2018-04-30 13:42:58 -05:00
Matthew Ahrens a1d477c24c OpenZFS 7614, 9064 - zfs device evacuation/removal
OpenZFS 7614 - zfs device evacuation/removal
OpenZFS 9064 - remove_mirror should wait for device removal to complete

This project allows top-level vdevs to be removed from the storage pool
with "zpool remove", reducing the total amount of storage in the pool.
This operation copies all allocated regions of the device to be removed
onto other devices, recording the mapping from old to new location.
After the removal is complete, read and free operations to the removed
(now "indirect") vdev must be remapped and performed at the new location
on disk.  The indirect mapping table is kept in memory whenever the pool
is loaded, so there is minimal performance overhead when doing operations
on the indirect vdev.

The size of the in-memory mapping table will be reduced when its entries
become "obsolete" because they are no longer used by any block pointers
in the pool.  An entry becomes obsolete when all the blocks that use
it are freed.  An entry can also become obsolete when all the snapshots
that reference it are deleted, and the block pointers that reference it
have been "remapped" in all filesystems/zvols (and clones).  Whenever an
indirect block is written, all the block pointers in it will be "remapped"
to their new (concrete) locations if possible.  This process can be
accelerated by using the "zfs remap" command to proactively rewrite all
indirect blocks that reference indirect (removed) vdevs.

Note that when a device is removed, we do not verify the checksum of
the data that is copied.  This makes the process much faster, but if it
were used on redundant vdevs (i.e. mirror or raidz vdevs), it would be
possible to copy the wrong data, when we have the correct data on e.g.
the other side of the mirror.

At the moment, only mirrors and simple top-level vdevs can be removed
and no removal is allowed if any of the top-level vdevs are raidz.

Porting Notes:

* Avoid zero-sized kmem_alloc() in vdev_compact_children().

    The device evacuation code adds a dependency that
    vdev_compact_children() be able to properly empty the vdev_child
    array by setting it to NULL and zeroing vdev_children.  Under Linux,
    kmem_alloc() and related functions return a sentinel pointer rather
    than NULL for zero-sized allocations.

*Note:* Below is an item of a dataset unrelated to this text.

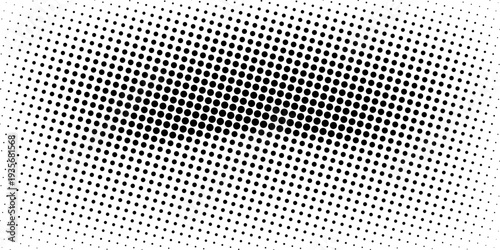 Set of halftone dots gradient pattern texture isolated on white background. Straight dotted spots using halftone circle dot raster texture. Vector blot half tone collection.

* Remove comment regarding "mpt" driver where zfs_remove_max_segment
  is initialized to SPA_MAXBLOCKSIZE.

  Change zfs_condense_indirect_commit_entry_delay_ticks to
  zfs_condense_indirect_commit_entry_delay_ms for consistency with
  most other tunables in which delays are specified in ms.

* ZTS changes:

    Use set_tunable rather than mdb
    Use zpool sync as appropriate
    Use sync_pool instead of sync
    Kill jobs during test_removal_with_operation to allow unmount/export
    Don't add non-disk names such as "mirror" or "raidz" to $DISKS
    Use $TEST_BASE_DIR instead of /tmp
    Increase HZ from 100 to 1000 which is more common on Linux

    removal_multiple_indirection.ksh
        Reduce iterations in order to not time out on the code
        coverage builders.

    removal_resume_export:
        Functionally, the test case is correct but there exists a race
        where the kernel thread hasn't been fully started yet and is
        not visible.  Wait for up to 1 second for the removal thread
        to be started before giving up on it.  Also, increase the
        amount of data copied in order that the removal not finish
        before the export has a chance to fail.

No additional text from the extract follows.